He continued: “The broadcast clearly had no purpose except to denigrate – if not to emasculate – the CIPs and the governments that operate them.
“It categorically stated that CIPs “attracted among the buyers a rogue’s gallery of scoundrels, fugitives, tax cheats and possibly much worse”.
“It neglected to mention that the vast majority of CIP recipients were wealthy law-abiding persons who had been subjected to intense scrutiny by enforcement agencies before their applications were even considered.”
Saunders felt the program failed to highlight that various Caribbean nations have implemented strict due diligence mechanisms designed to limit, if not eliminate, the exploitation of their programs by individuals outside the law.
He also felt the real reason behind the implementation of CIPs was not properly explained, and simply put down to the economies of the countries being ‘cash starved’.

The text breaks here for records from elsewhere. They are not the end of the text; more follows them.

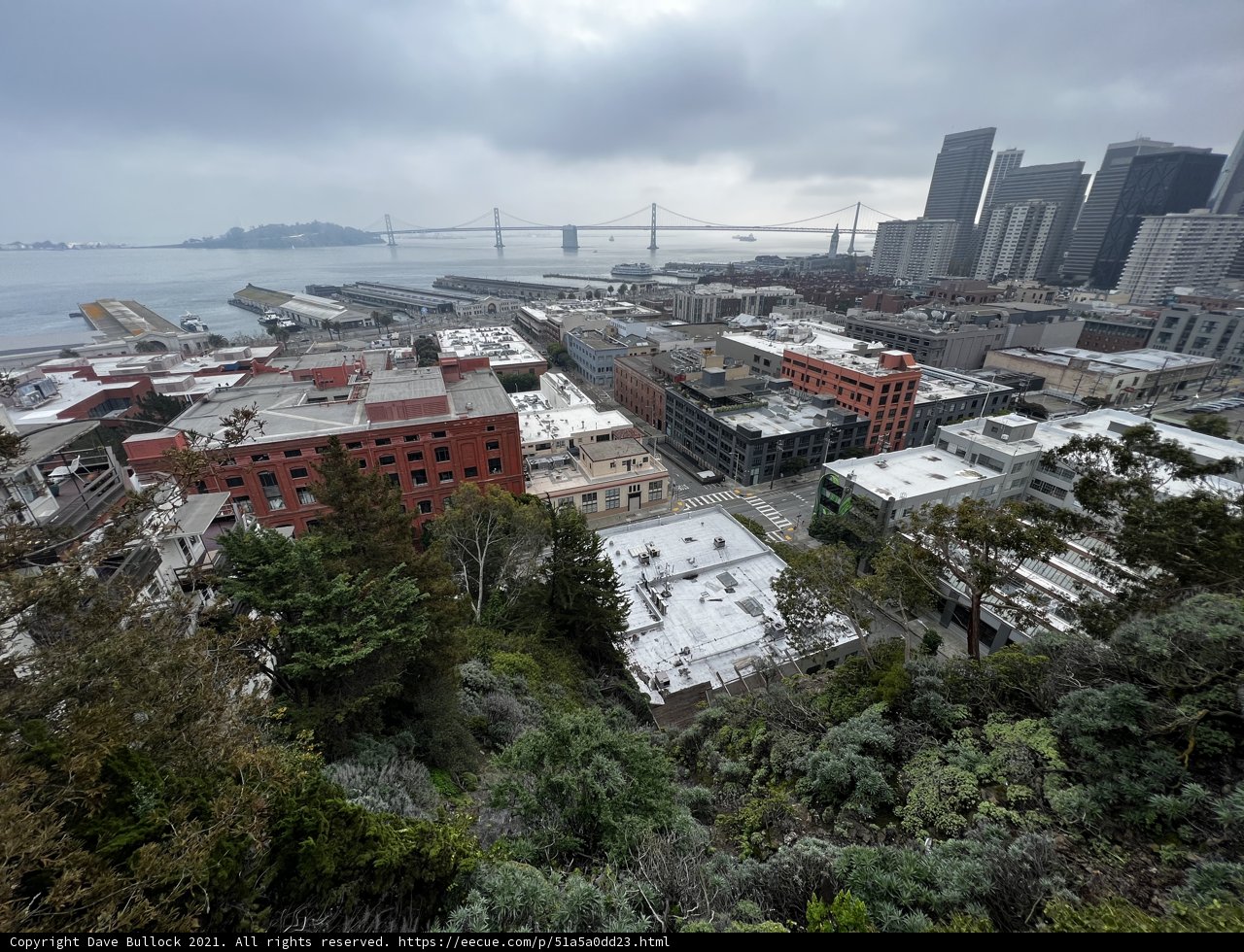 Scenic Cityscape from a Hilltop in San Francisco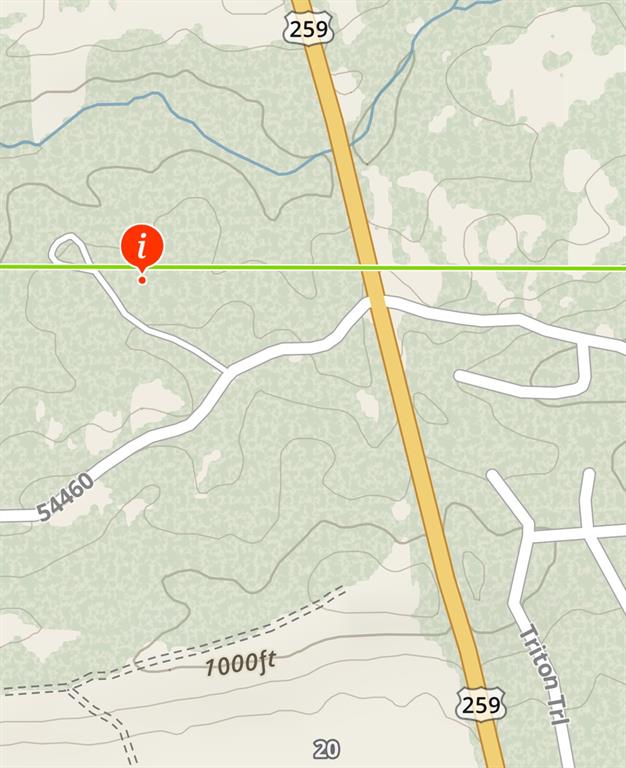 53 Weathered Timber Trail Property Photo 14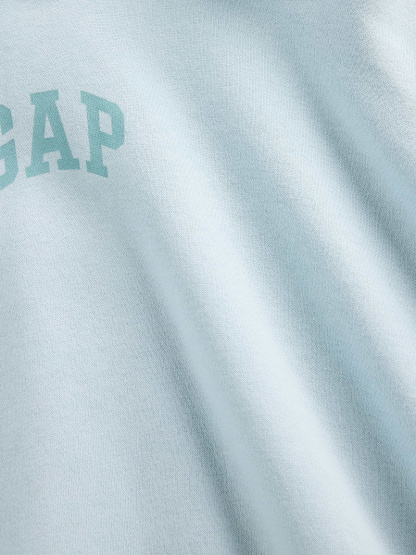 VintageSoft Crop Logo Hoodie - Light autumn blue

‘All of the Caribbean countries involved with citizenship by investment programmes have come to them by necessity,” Saunders wrote.
“Poor terms of trade, vulnerability to financial down-turns in North America and Europe from where most of their tourists come, declining aid, persistent natural disasters and no access to concessional financing from international financial institutions, have forced them to be creative in raising revenues.
“They are all faced with fiscal deficits, high debt and an international environment that is unresponsive to their predicament”.
He also highlighted that the program failed to mention some of the programs run by more major countries including the U.S. (EB-5), Canada (QIIP) and the UK (Tier 1 Investor). While these programs offer permanent residency, they can lead to citizenship in the long term.